▸ **WORK REQUIRED**
With pictures left out, please repeat word for word the lines from the one containing "Used Peugeot 508" through the end of the records.

START SUPPLIED RECORDS

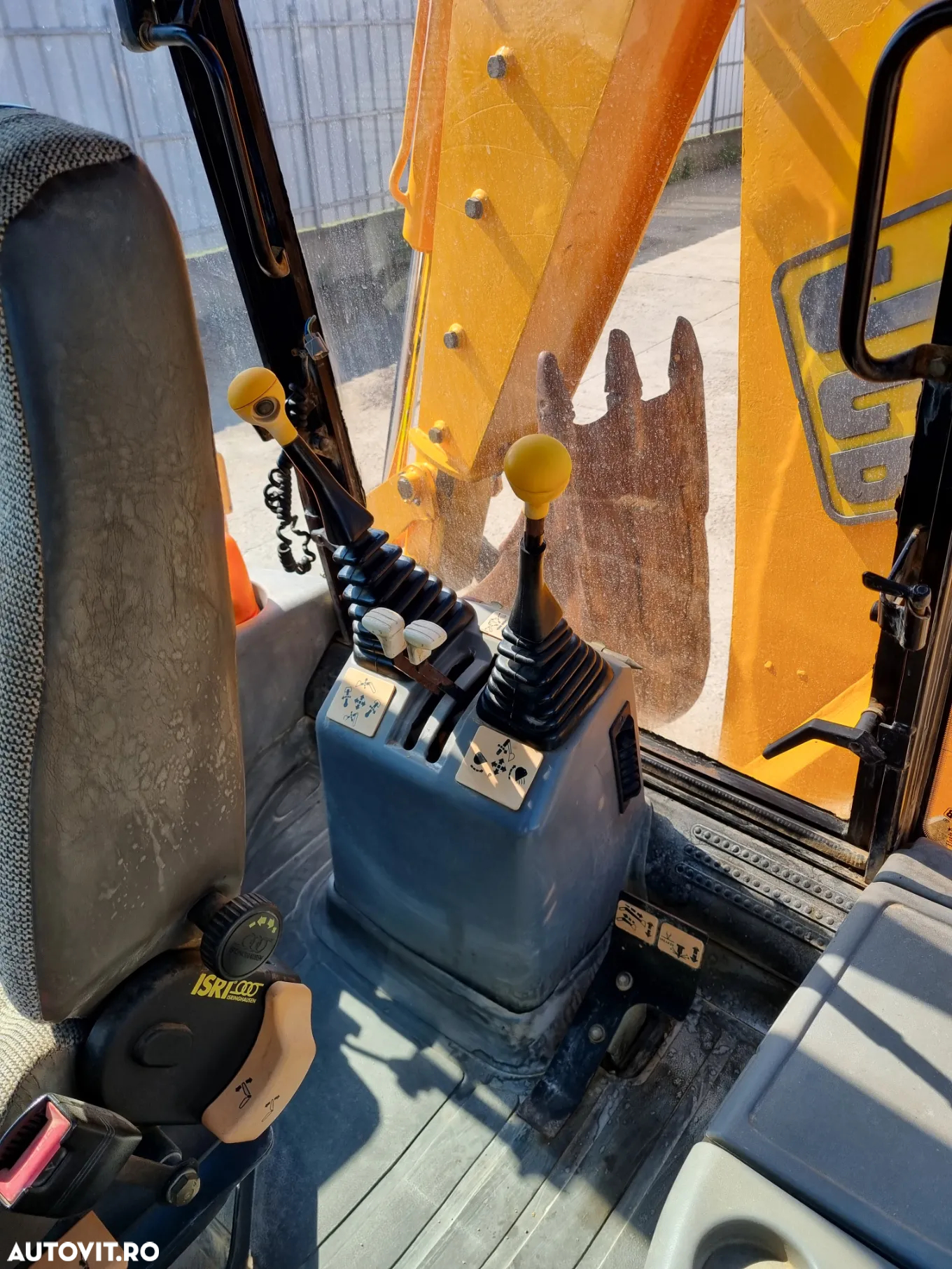 JCB 4CX - 12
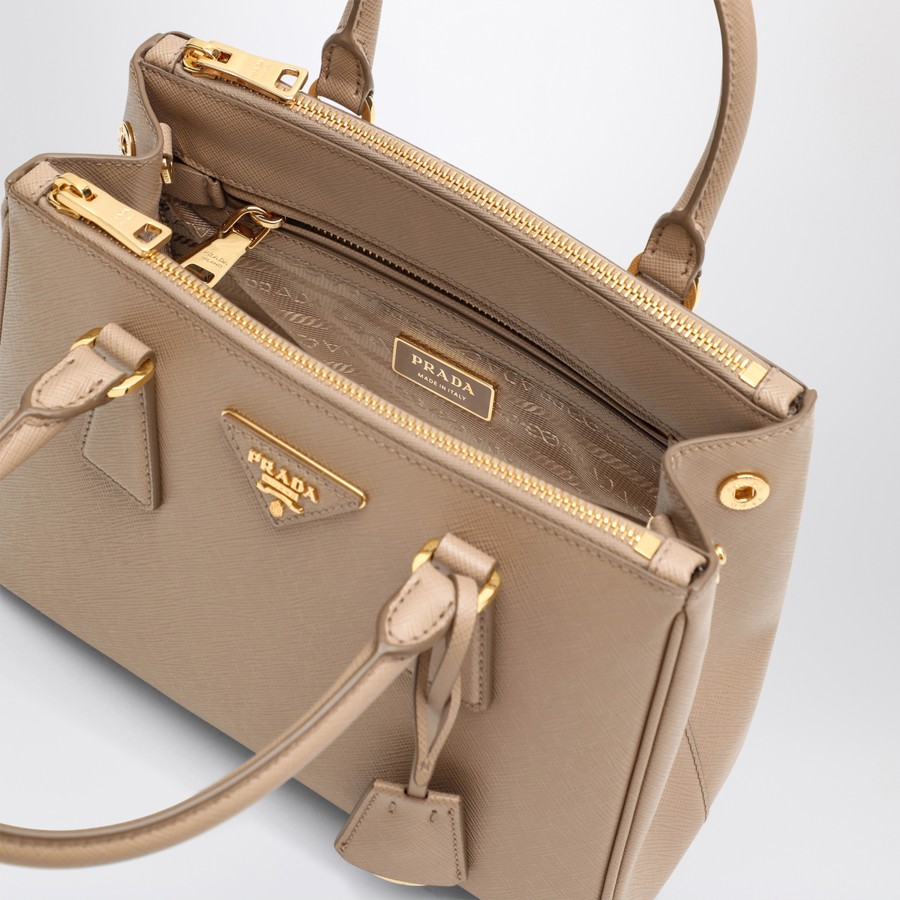 バッグ・カバンその他 Prada Light pink Galleria small handbag 19467518_43433944_600.jpg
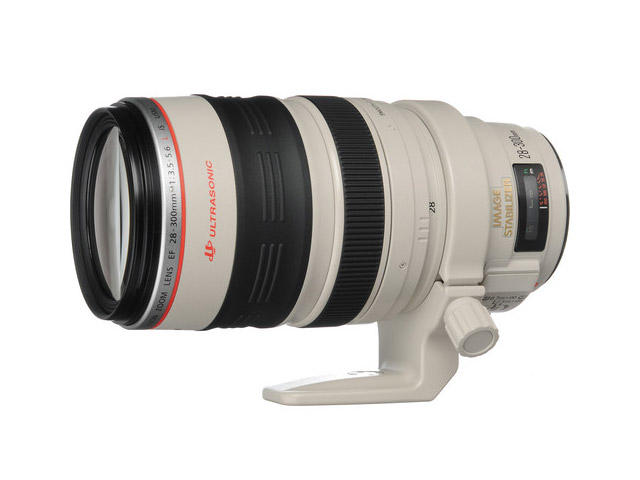 DSLR обективи Canon EF 28-300mm f/3.5-5.6L IS USM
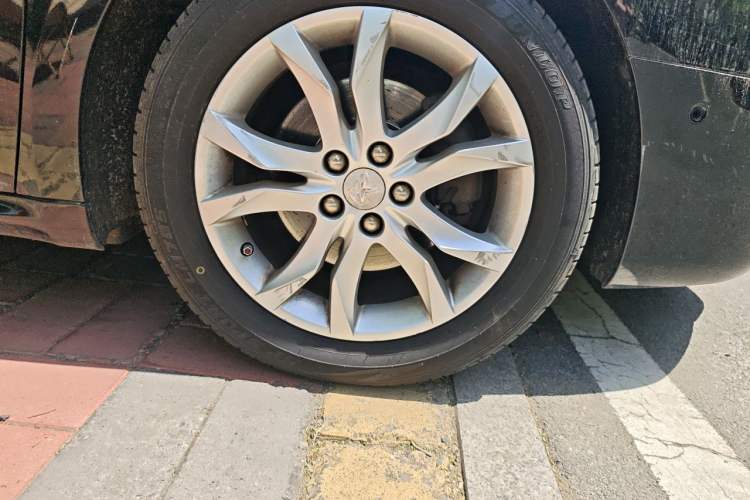 Used Peugeot 508 2011 2.3L Automatic Flagship Edition Right Front Wheel Hub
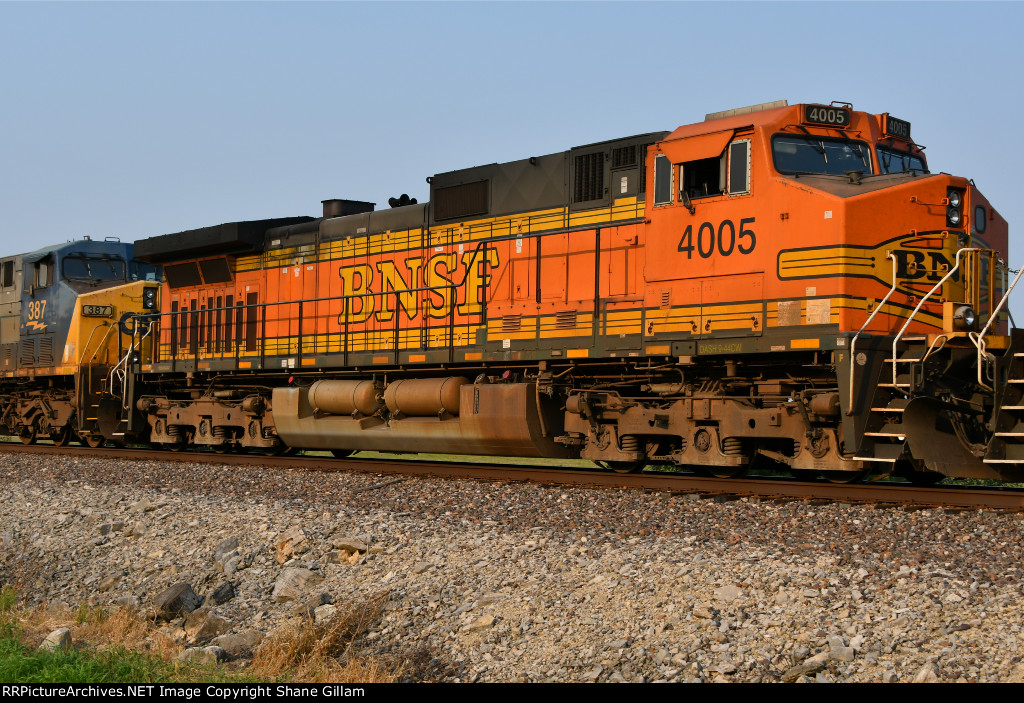 BNSF 4005 Roster shot.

END SUPPLIED RECORDS

▸ **WRITTEN REPLY**
 Used Peugeot 508 2011 2.3L Automatic Flagship Edition Right Front Wheel Hub
 BNSF 4005 Roster shot.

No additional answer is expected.